**Work order:**
Could you give back exactly the lines below from the one with "Top Short Sleeve" through the one with "So fun to spoil", without a single picture?

**Dataset:**
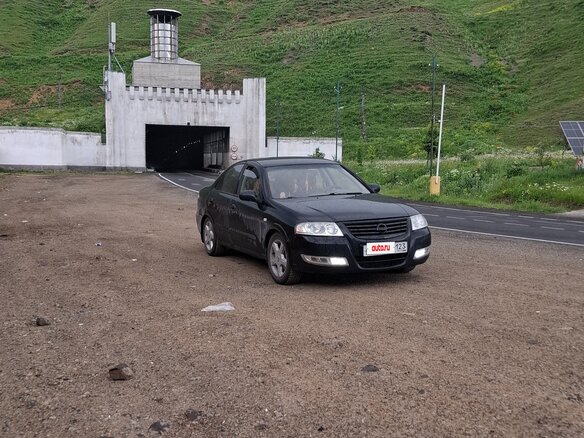 2008 Nissan Almera Classic I, чёрный, 520000 рублей - вид 14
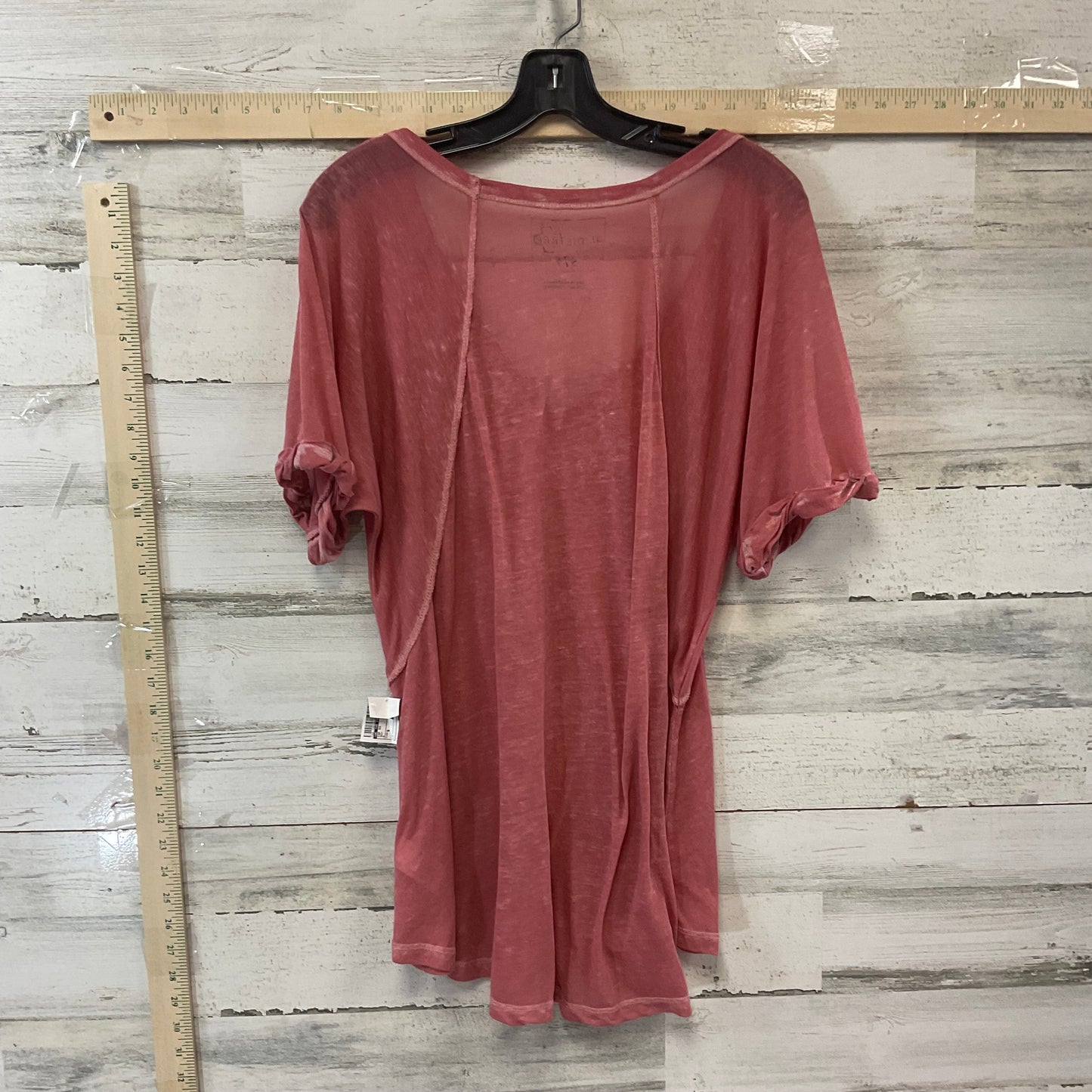 Top Short Sleeve By We The Free  Size: S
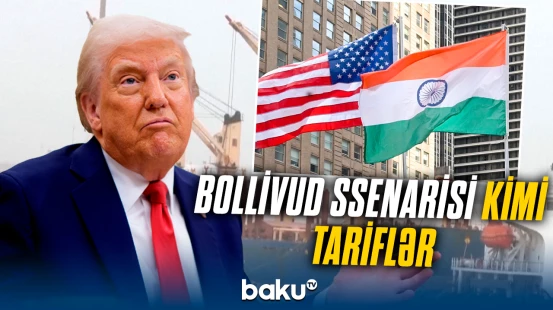ABŞ Hindistanı görün necə cəzalandıracaq | “Bir çox insan normal dolanışığını...”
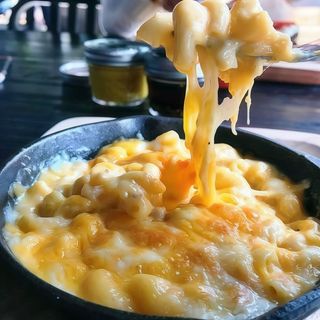 Mac&Cheese Balls (10UDS) + Salsa BBQ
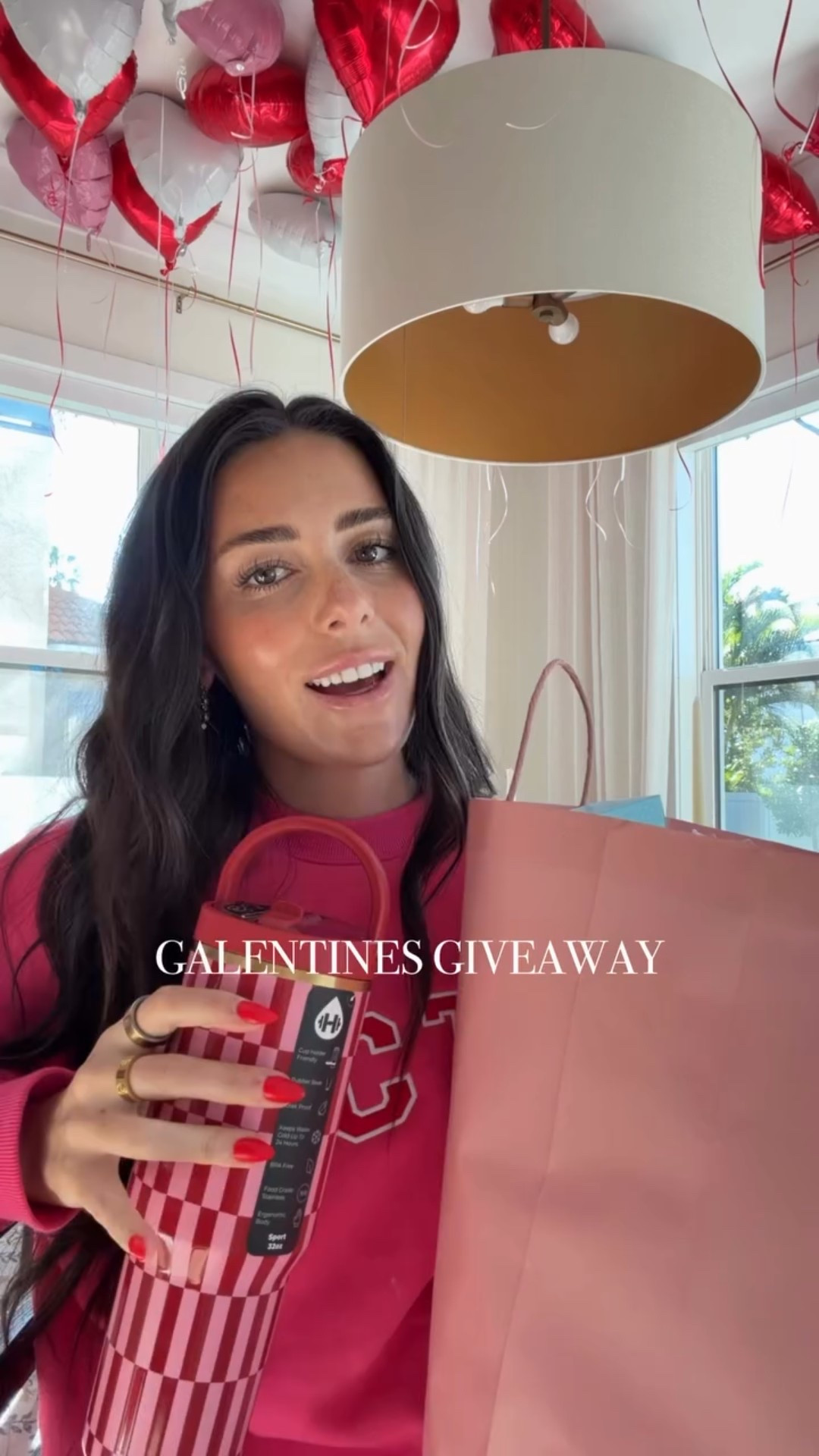 GALENTINES GIVEAWAY 💋🎀💌

So fun to spoil all my friends with my favs & of course have to do a giveaway as well!!!! Follow me & all the brands below then comment your fav emoji!!!

Enter for the giveaway on my IG and TikTok!

#LTKValentine #LTKBeauty #LTKSeasonal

**Solution for this exercise:**
 Top Short Sleeve By We The Free  Size: S
ABŞ Hindistanı görün necə cəzalandıracaq | “Bir çox insan normal dolanışığını...”
 Mac&Cheese Balls (10UDS) + Salsa BBQ
 GALENTINES GIVEAWAY 💋🎀💌

So fun to spoil all my friends with my favs & of course have to do a giveaway as well!!!! Follow me & all the brands below then comment your fav emoji!!!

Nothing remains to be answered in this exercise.